Nos tomábamos unos pinchos. Amigos, compañeros. Todos sentados en una mesa alta con los teléfonos listos para ser desenfundados en cualquier momento. Brr, brr, brr, vibra el móvil de uno. «Mi amor» en la pantalla. Él ignora a su amor y le preguntamos si es su mujer. Afirmativo. Como ya llevamos un buen rato tapa va, tapa viene, se ha roto el muro de la formalidad. «¿Estás enamorado?». Silencio. «Llevamos años juntos. Son muchas cosas en común. Hijos, hipoteca, familias». Basta buscar el palabro amor en el diccionario para saber que el término hipoteca no figura en su definición. Al menos, técnicamente. Dudo sobre si decimos lo que sentimos o, y no sé si es peor, sentimos lo que decimos.

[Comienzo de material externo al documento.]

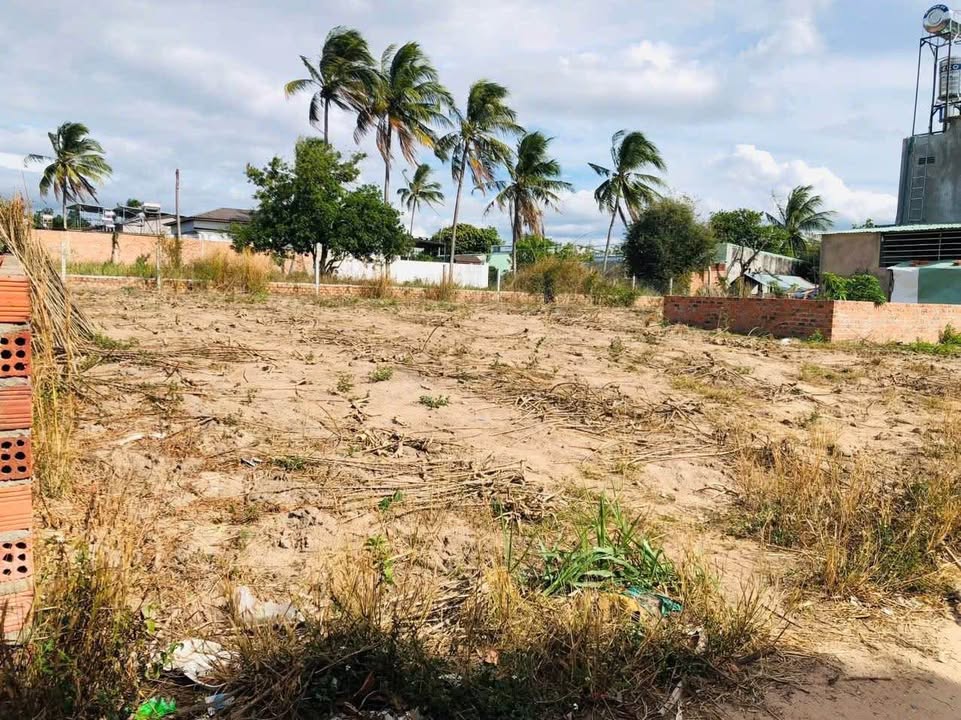 Đất nền K.Kon Tum - 135m² - Sổ đỏ - Giá chỉ 5xx triệu/lô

No seré yo quien deje de loar los beneficios del WhatsApp. Compartir una ubicación es el no va más. Entenderla me eleva, particularmente, al estadio de diosa de la tecnología, pero la mensajería instantánea no ha facilitado la fluidez de la comunicación. Nos hemos vuelto controladores, controlados y susceptibles. Frustra pasar minutos eternos con la vista fija en un escribiendo y recibir un mísero «OK», se pierde el tiempo con cadenas de propósitos y entender el significado de cada emoticono no es siempre fácil. No sé si el que llora lo hace de risa o de pena. Si el de gesto tristón es porque está decepcionado o trata de transmitir algo parecido a la ternura, la nostalgia y el cariño. Capítulo aparte cuando las manos entran en acción. Me pregunto si las palmas juntas son la muestra de que al emisor le ha dado por rezar un padrenuestro, pedir algo por favor o mostrar admiración. No sé si el de manos al frente y pulgares unidos debe usarse para transmitir devoción o sanación y desconozco las diferencias entre el corazón lila, rojo y amarillo. No hay emoticono capaz de transmitir el deseo o las ganas de descubrir a alguien. En ese territorio solo son aptas las palabras. O las miradas.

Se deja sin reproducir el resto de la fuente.